Hükümet bu yasağı nice sonra resmen kaldırabildi. O arada gündelik hayatta o hak çoktan kazanılmış, talepler değişmişti.
Kürtçe kurslar açıldığında talep, okulda Kürtçe seçmeli dersti. Devlet yine başta direndi. Ona razı olunduğunda artık ana dilde eğitim isteniyordu.
Ankara, “Belediye seçimlerine katılma şansı versek mi?” diye düşünürken yerel otoritenin güçlendirilmesi talep ediliyordu. Devlet bu noktaya geldiğinde, artık federasyon tartışılıyordu.
Diyarbakır’a yol çizgisi çeken kova, Ankara’dan günbegün uzaklaşıyordu.
* * *
Tablo buyken hâlâ yardım kolisi dağıtmakla, basını Hükümet emrine almakla soruna çözüm bulunacağını sanmak, kovayı elinde taşımak yerine her seferinde ona gidip gelen fırçalı adamın çaresizliğini hatırlatıyor bana...
İki önemli hata yaptı Erdoğan:
Bir: Habur’dan sonra yakınındaki aklıselim sahibi Kürt siyasetçileri tasfiye etti; açılımdan, Oslo sürecinden vazgeçti. “Terörle mücadele, Meclis’te müzakere” derken, iş kızışınca müzakereyi kesti. Böylece ipleri hepten PKK’nın eline verdi. Ankara’nın politikasını âdeta Kandil belirledi.

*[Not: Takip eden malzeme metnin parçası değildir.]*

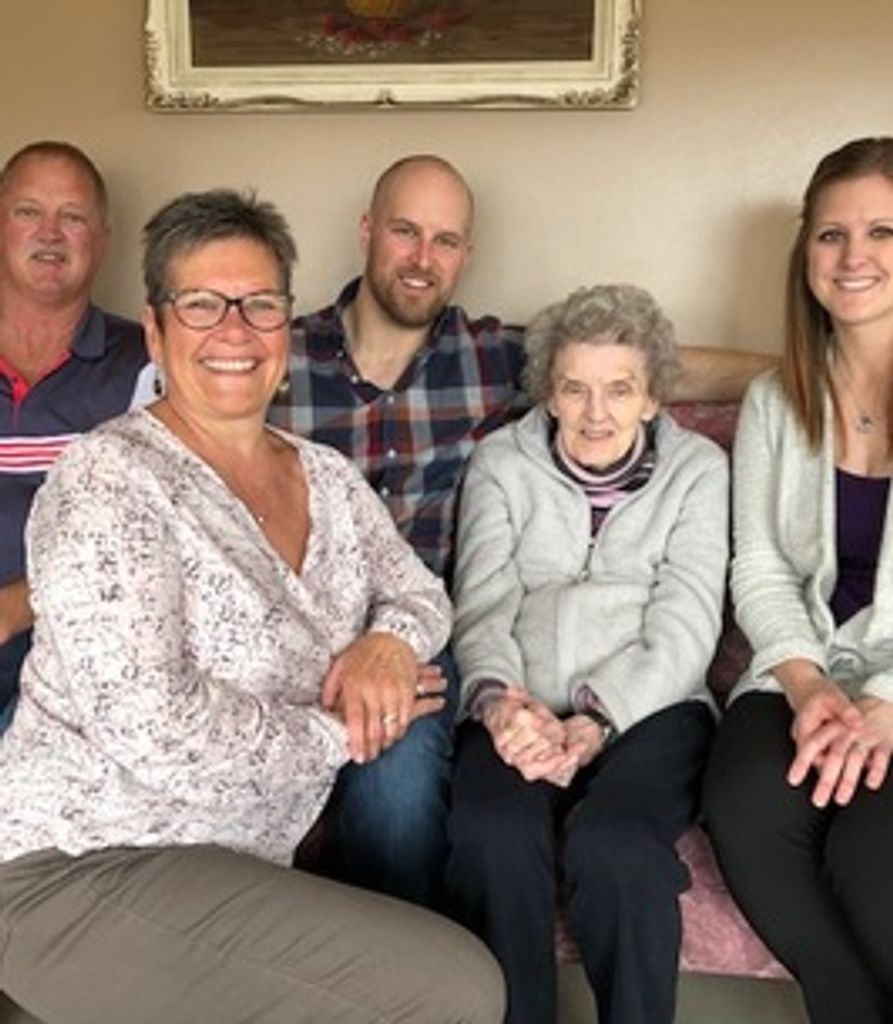 Eleanor Mccreath Profile Photo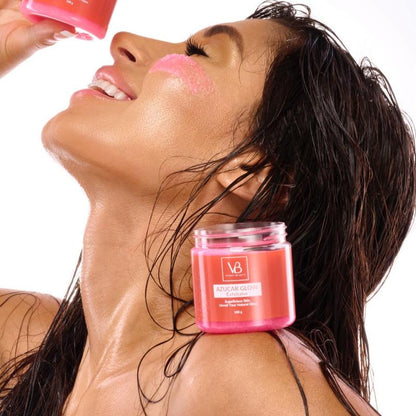 💖Last day 49% OFF💖AZUCAR GLOW BLANQUEADOR Y EXFOLIANTE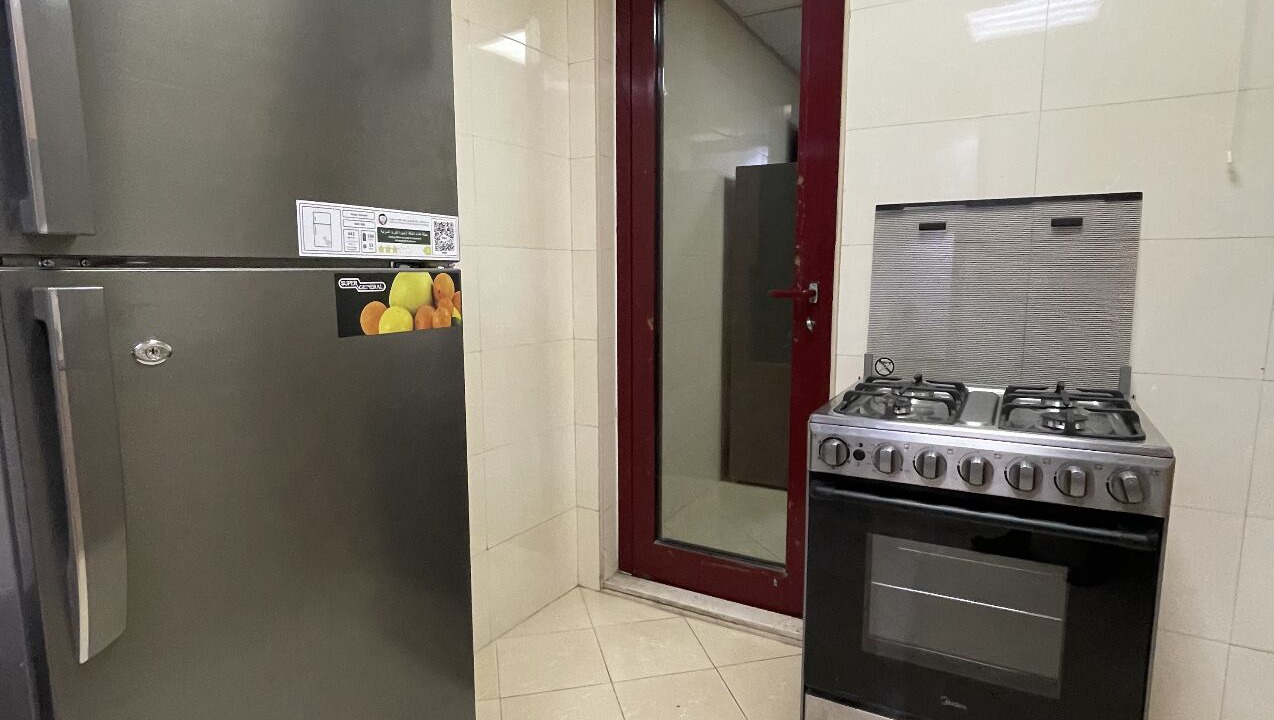 Photo of Kitchen in Sharjah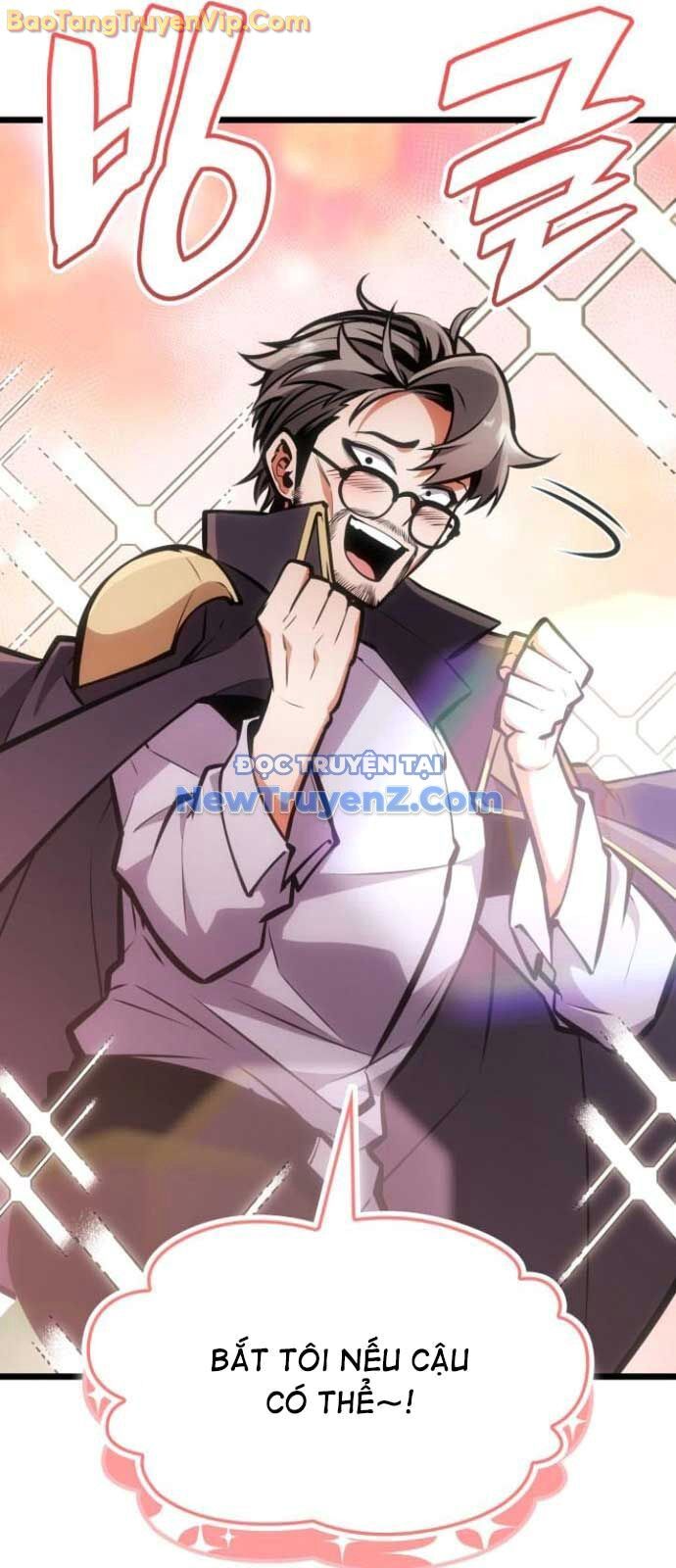 Độc Chiến Đế Vương Chapter 16 - 20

İki: Dışarıda Batı’ya fazla güvenirken, Esad’ın gücünü küçümsedi; hemen devrilip gideceğini sandı. Rejim muhaliflerine verdiği desteğin Esad’ı kızdıracağını; Şam’ın, kuzeyi Kürtlere bırakıp Türkiye ile arasına bir tampon bölge kuracağını; bunun Ankara için ciddi bir güvenlik sorunu yaratacağını öngöremedi.
Barzani’yi muhatap seçince de PKK, “Muhatabın benim. Masayı kalabalıklaştırma” mesajı vermek için saldırdı.
* * *
Girin 15 Ağustos 1984 sonrası gazetelere bakın:
PKK, 28 yıl önce ilk kez saldırdığında ne istediğini biliyordu.

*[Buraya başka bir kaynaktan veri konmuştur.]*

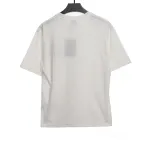 PK God Batch Burberry Little Monsters short sleeve white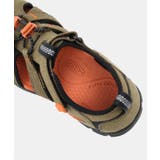 【KIDS】【KEEN/キーン】シーキャンプツーCNX | ROPE' PICNIC【KIDS】 | 詳細画像19 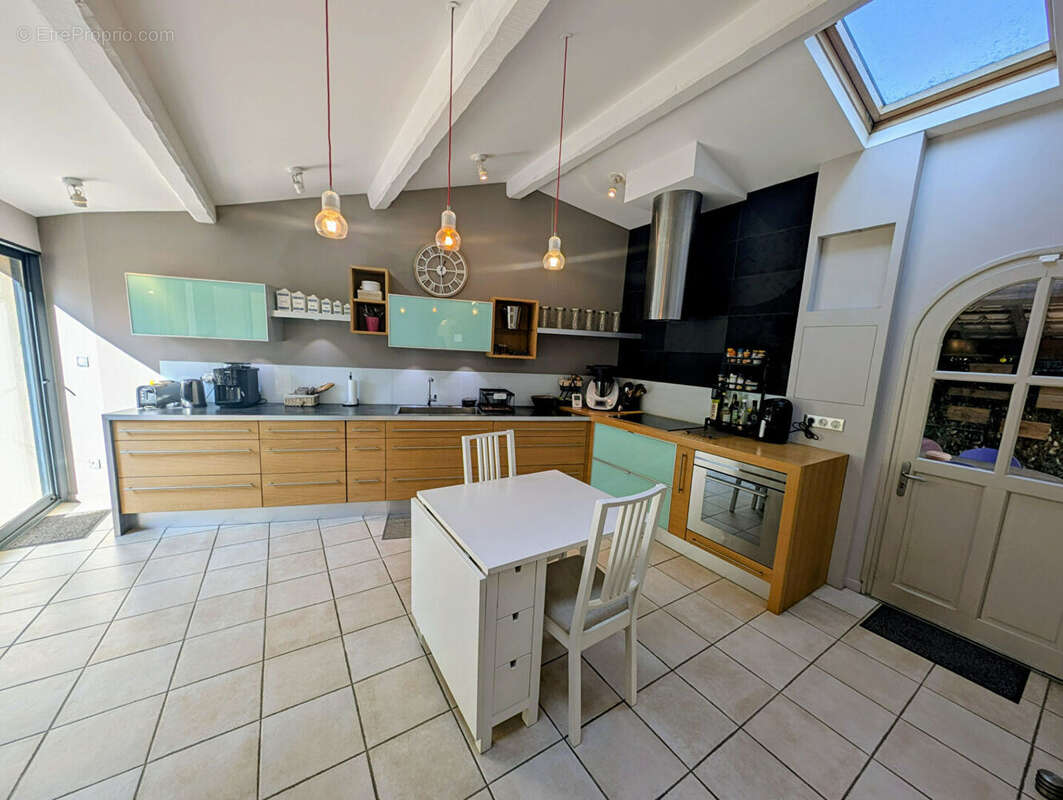 Maison à PONT-SAINT-ESPRIT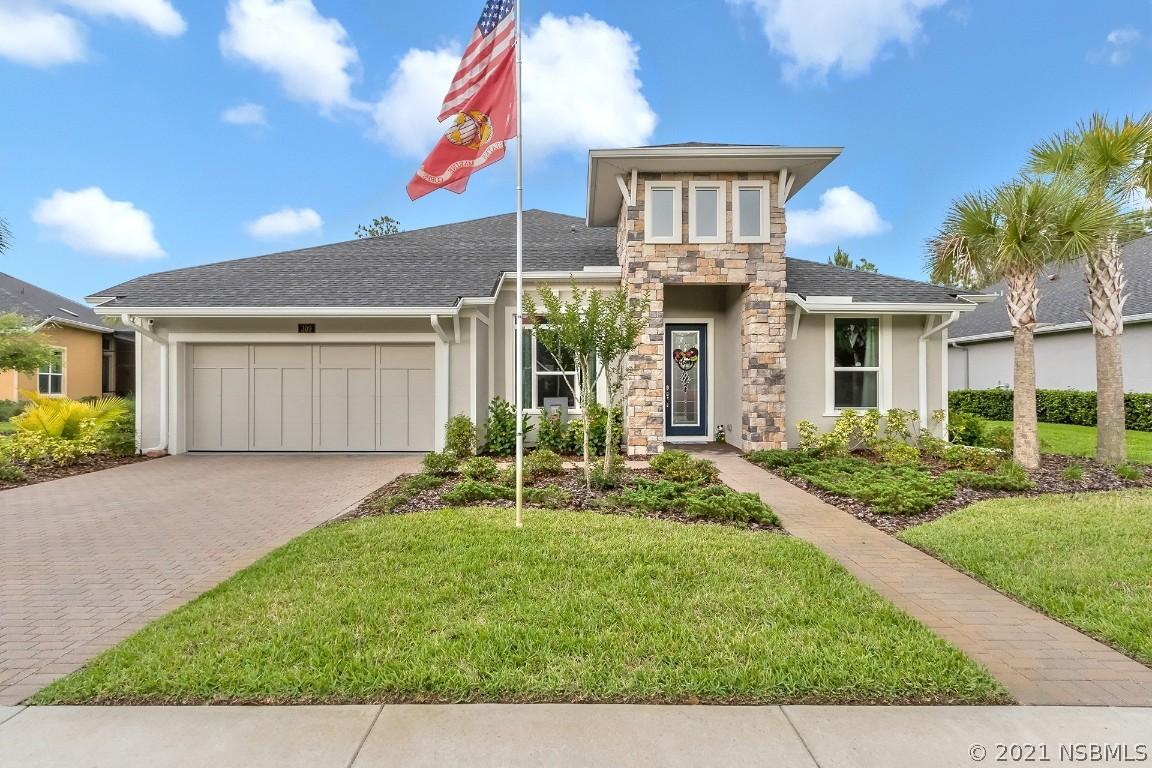 309 Chelsea Place, Ormond Beach, FL 32174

Ankara ise hâlâ bilmiyor; o ilk günkü şaşkınlığını sürdürüyor.
Yiten canlara yanıyor, ailelerine sabırlar diliyoruz.
Ancak ne yazık ki Suriye sonrası Güneydoğu’da, -hiçbir koli yardımının engelleyemeyeceği-, yeni bir döneme girdiğimizi görüyoruz.
Bir an önce aklın devreye girmesini umuyoruz.